When selected, they need to perform a query and dynamically join into their respective tables to bring back results.

They need to bring back results for the drop down items for those which are NOT selected. The catch is that ANY ONE of the lists could be selected with ANY OTHER combination (or on its own completely) i.e:

Brand
OR
Brand AND TRA
OR
TRA AND Pattern AND Ply
OR
Ply AND Compound AND Brand

etc...

Then for the ones which are not chosen (the drop down list values), I have to execute IT's query using the values chosen from above (i.e if you select brand and TRA, i need to query for ply, compound, TRA etc...)
what is the best way of tackling this type of problem? How can I easily (at most?) Generate the dynamic SQL without figuring out all the possibilities in a case by case basis which will take a VERY long time.

thank you.

viggneshwar · March 24, 2016, 9:10am

Join main table with left join of these brand, size, pattern tables. So that if you have given value that will be filtered. Otherwise it will return null value.
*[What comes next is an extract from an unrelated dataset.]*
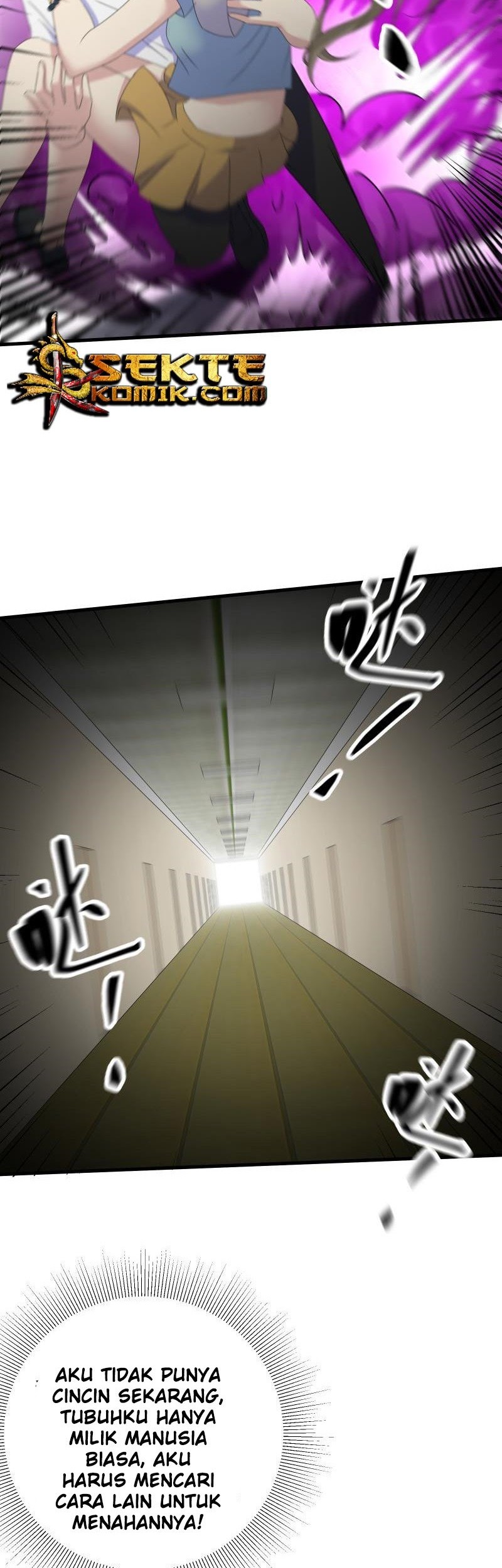 My Plug-in Spirit Ring Chapter 124 halaman 5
Kristen · March 25, 2016, 7:18am

Without using Dynamic SQL you could do

WHERE
        (@Brand IS NULL OR MyBrandColumn = @Brand)
    AND (@Size IS NULL OR MySizeColumn = @Size)
... etc.

but it tends to make for an inefficient query, particularly if typically several of the @Parameters are NULL (you can use BLANK STRING instead of NULL or "*" or whatever your "Anything" value is. Note that IF you do that you cannot then match THAT value )

Alternative is Dynamic Parametrised SQL which will perform very well. If done right SQL will cache the query plan for each variation of the actual query, so any query that is popular (e..g if Size & Brand is the most commonly used query) will remain in the query plan cache.
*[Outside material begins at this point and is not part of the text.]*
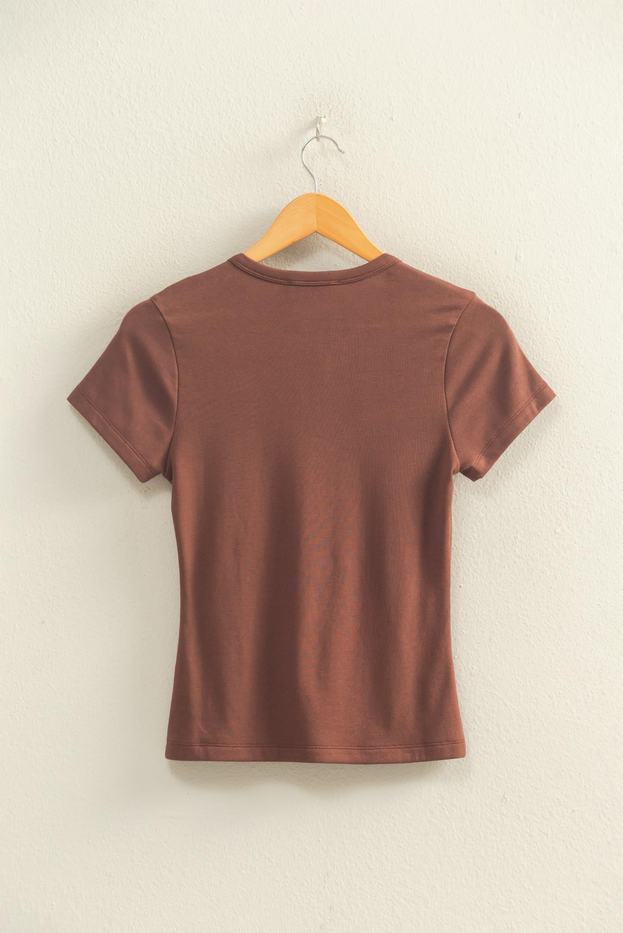 HYFVE Classic Crew Neck Tee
DECLARE @SQLWhere nvarchar(MAX) = '1=1', @SQL nvarchar(MAX)

IF @Brand IS NOT NULL
BEGIN
        SELECT @SQLWhere = @SQLWhere
                         + ' AND MyBrandColumn = @Brand'
END

IF @Size IS NOT NULL
BEGIN
        SELECT @SQLWhere = @SQLWhere
                         + ' AND MySizeColumn = @Size'
END

... etc ...

SELECT @SQL = 'SELECT Col1, Col2, ... FROM MyTable WHERE '
            + @SQLWhere
            + ' ORDER BY '
            + CASE @SortOrder
                  WHEN 1 THEN 'MyBrandColumn'
                  WHEN 2 THEN 'MySizeColumn'
                  ELSE ''
                  END
            + ', MyPKeyTieBreakColumn'

-- DEBUG:
PRINT 'SQL=' + @SQL

EXEC sp_ExecuteSQL @SQL
      , '@Brand varchar(10), @Size int'
      , @Brand, @Size

Note that sp_ExecuteSQL takes a definition for the parameters and then a list of the parameters and that it does not matter whether those parameters are used, or not, so you can always include the complete list of @parameters but the @SQL may only reference some/none of them.
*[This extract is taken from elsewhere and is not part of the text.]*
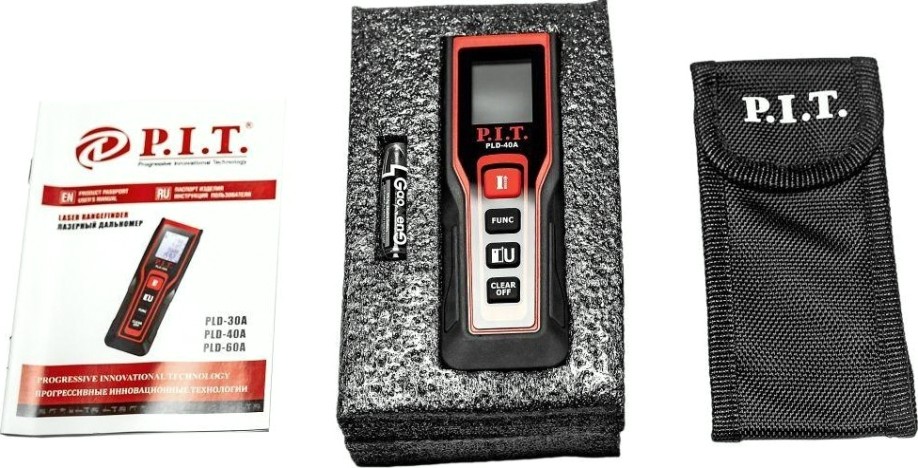 Лазерный дальномер P.i.t. PLD-40A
There are permission issues associated with using Dynamic SQL, in particular if you normally code everything in SProcs and ONLY give EXECUTE permissions to your users, rather than SELECT permission on all tables , then you need special handling of this in SQL to continue to only give EXECUTE permission to the users. It can be done though ... its just a bit more hassle.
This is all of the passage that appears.